:: Source material ::

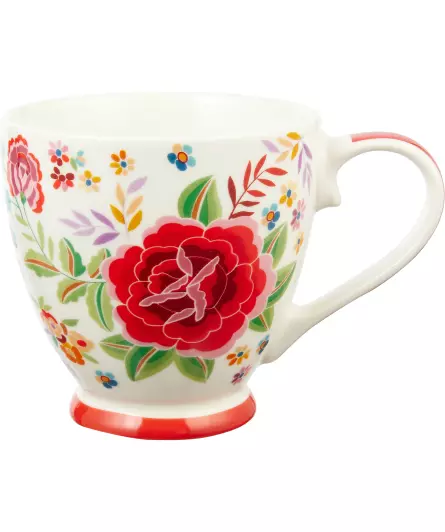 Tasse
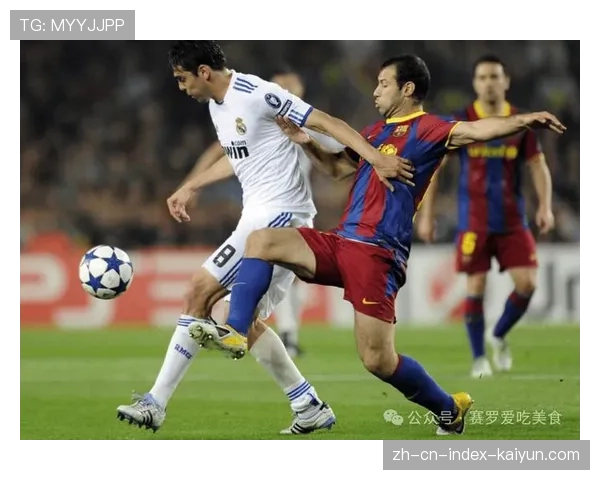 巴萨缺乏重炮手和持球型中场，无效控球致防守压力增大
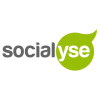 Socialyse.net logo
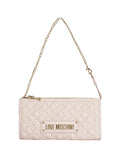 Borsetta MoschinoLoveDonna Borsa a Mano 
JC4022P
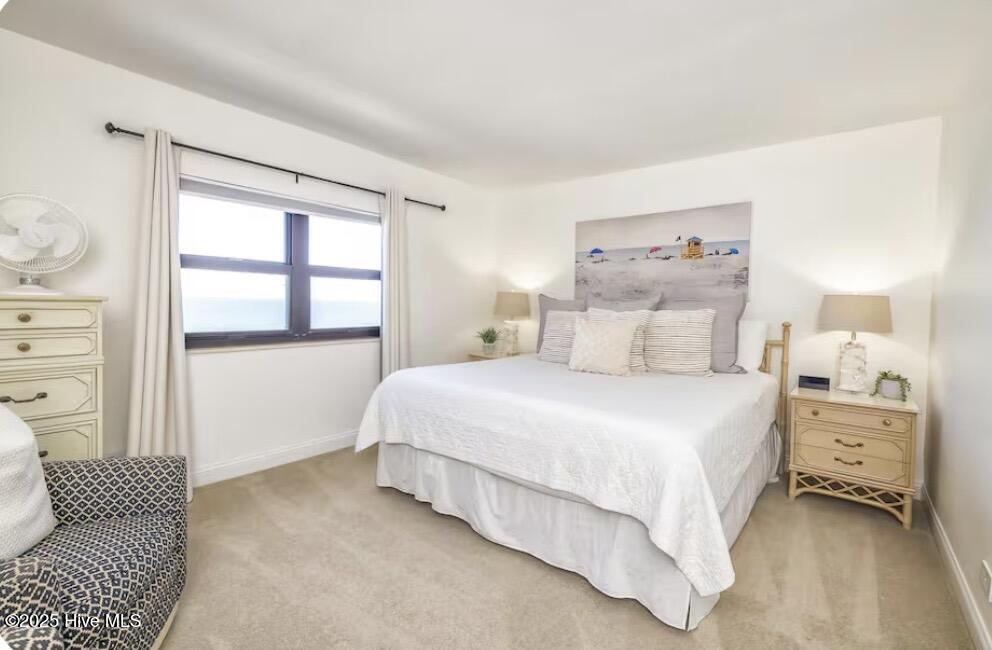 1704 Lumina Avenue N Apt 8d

:::

For this exercise, output only the lines from the one bearing "Socialyse.net logo" to the end of the material above, exactly as written, with pictures left out.

 Socialyse.net logo
 Borsetta MoschinoLoveDonna Borsa a Mano 
JC4022P
 1704 Lumina Avenue N Apt 8d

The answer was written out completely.